YPFB: La renuncia que habla del pasado y guarda silencio sobre el presente
La carta de renuncia de Claudia Cronenbold construye un diagnóstico estructural de YPFB centrado en problemas acumulados durante “dos décadas de gestión”, pero evita precisar los factores inmediatos que marcaron su breve administración en medio de una crisis que golpea a la población por la “gasolina basura” y la escasez de diésel.
Aunque la exautoridad afirma haber realizado un “análisis riguroso” e identificado “nudos críticos”, el documento no detalla decisiones adoptadas, resultados alcanzados ni medidas implementadas durante su corta gestión.
Esa omisión adquiere mayor relevancia al contrastarse con el contexto reciente. La carta no menciona controversias vinculadas a la empresa en los meses previos y durante su administración, como cuestionamientos de contratos con sobreprecios, debates sobre la calidad del carburante o versiones oficiales sobre interferencias en la cadena de suministro.
Tampoco incorpora referencias a decisiones sobre proveedores internacionales ni a la continuidad o modificación de contratos en un escenario marcado por la escasez.

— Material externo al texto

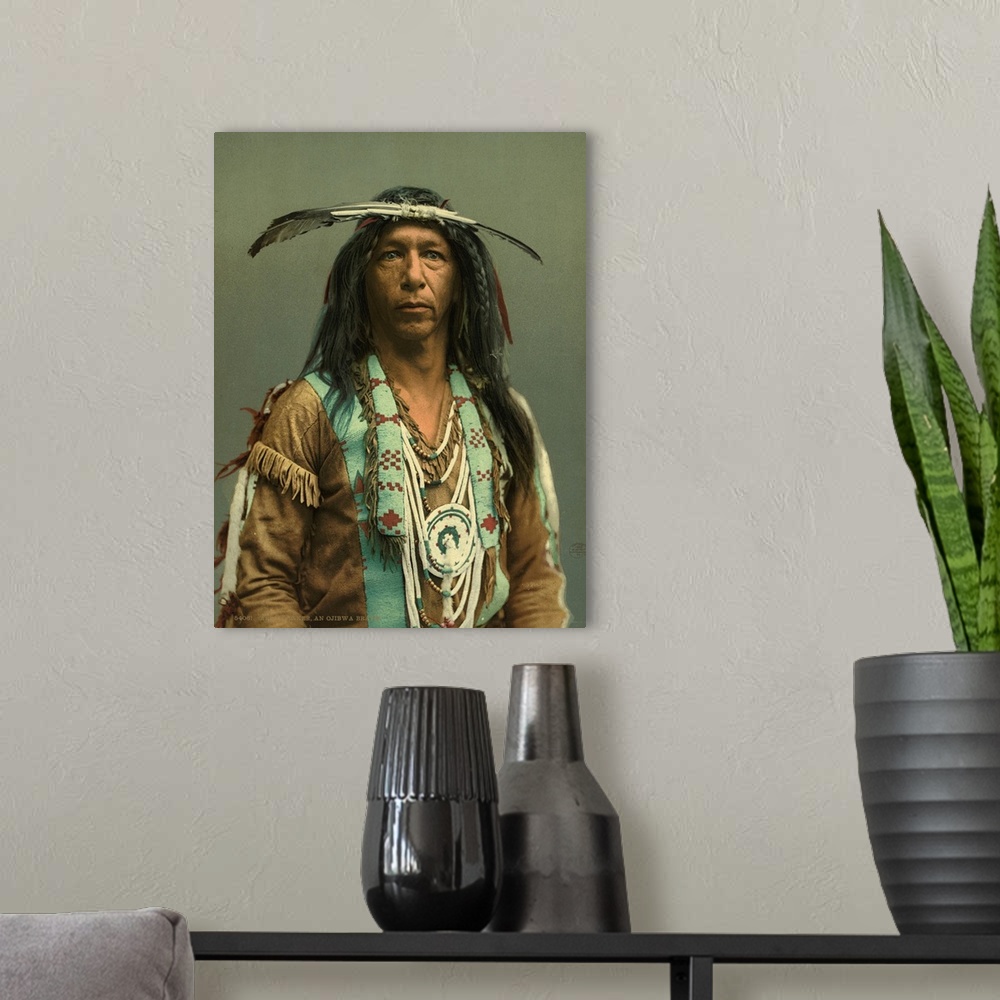 A modern room featuring Hand colored photograph of arrow maker, on Ojibwa brave.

En términos discursivos, el texto desplaza el eje explicativo hacia factores estructurales del pasado, prácticas agotadas”, “obstáculos heredados”, y mantiene en segundo plano los elementos del presente.

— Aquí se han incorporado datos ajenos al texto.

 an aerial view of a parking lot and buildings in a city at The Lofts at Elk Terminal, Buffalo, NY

Aunque sugiere una tensión entre criterios técnicos y exigencias de celeridad, no precisa en qué consistieron esas diferencias, qué decisiones estuvieron en disputa ni qué actores participaron en ellas.
El resultado es un documento que instala con eficacia la idea de una crisis profunda y de largo plazo, pero que limita su capacidad explicativa al omitir hechos recientes, debates públicos y decisiones concretas que formaron parte del entorno en el que se produjo la renuncia.

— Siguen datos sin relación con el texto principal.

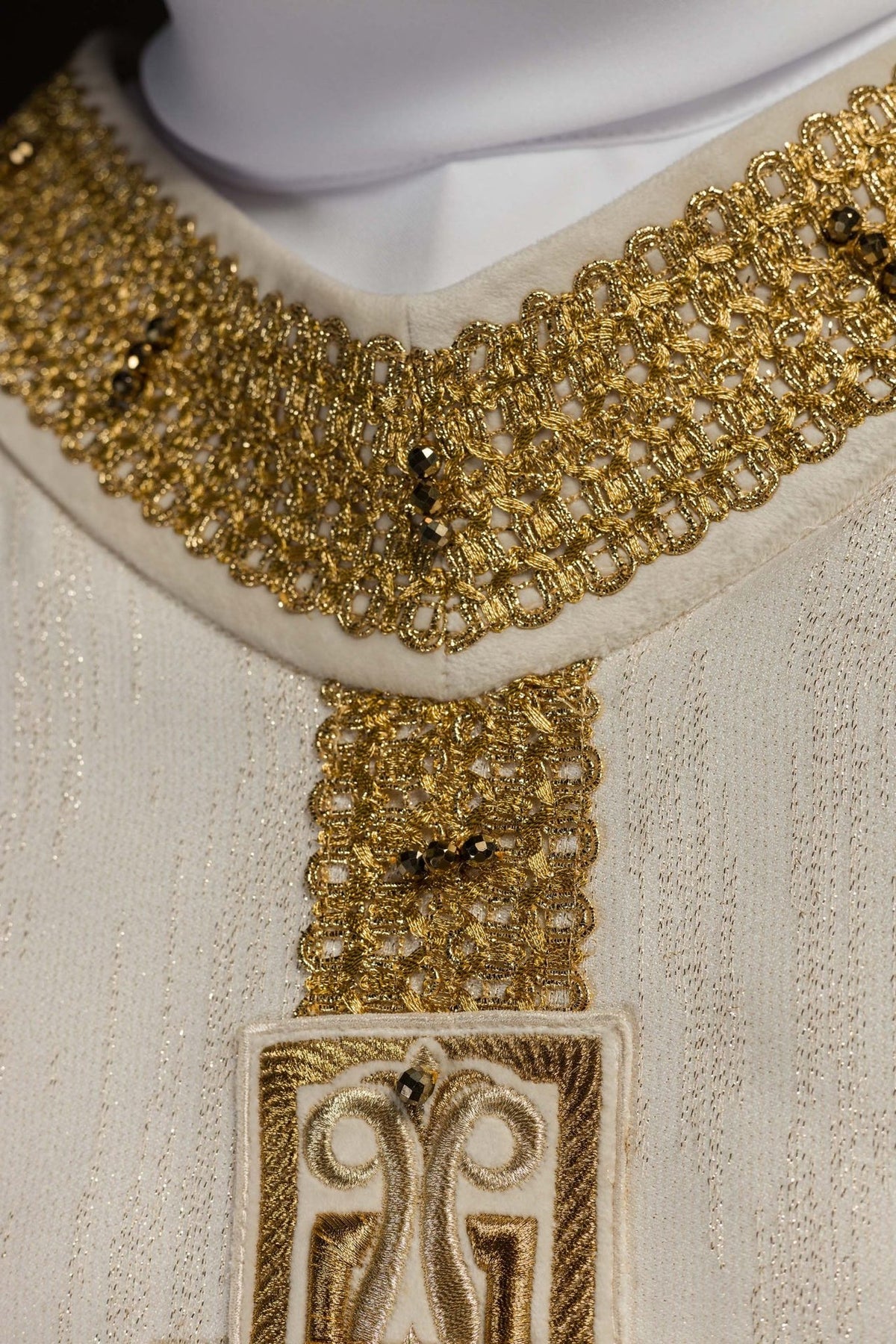 Chasuble close-up of gold collar embroidery with natural stones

La carta describe el problema estructural, pero no integra el contexto inmediato en el que ese problema se manifestó con mayor intensidad.
Si el diagnóstico es “riguroso”, sorprende que deje fuera los episodios más recientes y controvertidos de la gestión, iniciados hace cinco meses, cuando Rodrigo Paz asumió el Gobierno y posesionó a Yussef Akly como presidente de la estatal petrolera.
Una crisis no solo se hereda; también se administra. Y sobre esa administración, la carta guarda silencio.
No es una carta que mienta. Es una carta que elige qué contar y qué dejar en la oscuridad. En política, a veces, lo más elocuente no es lo que se dice… sino lo que cuidadosamente se calla.